** Opening SOURCE INFORMATION block **

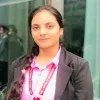 Neha Chugh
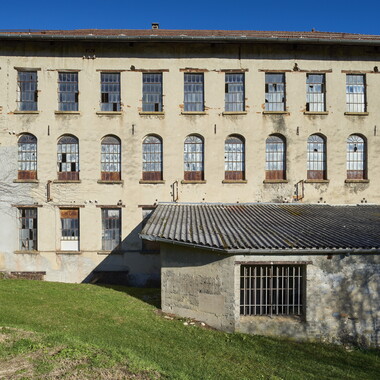 pays voironnais patrimoine industriel st-geoire-valdaine usine 008 pano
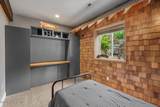 11243 Hidden Valley Rd - Photo 48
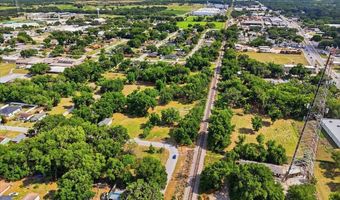 1705 MARSHALL St, Bartow, FL 33830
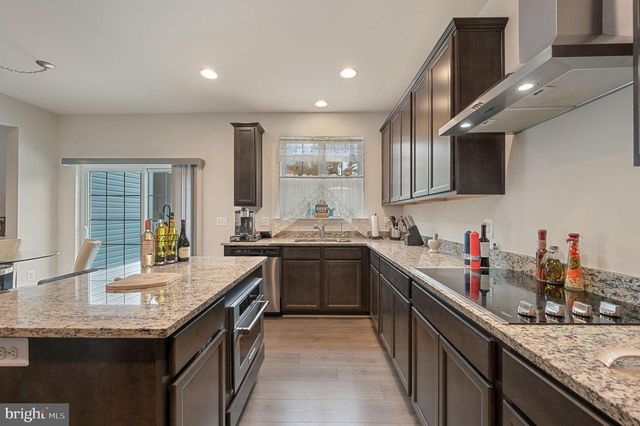 243 GRAPEVINE WAY, Milford, DE 19963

** Closing SOURCE INFORMATION block **

[TASK DETAILS] Pictures are to be omitted from the copy. Reproduce exactly, and only, the lines from the one containing "11243 Hidden Valley Rd - Photo 48" to the end of the listing above.

[TASK OUTPUT]
 11243 Hidden Valley Rd - Photo 48
 1705 MARSHALL St, Bartow, FL 33830
 243 GRAPEVINE WAY, Milford, DE 19963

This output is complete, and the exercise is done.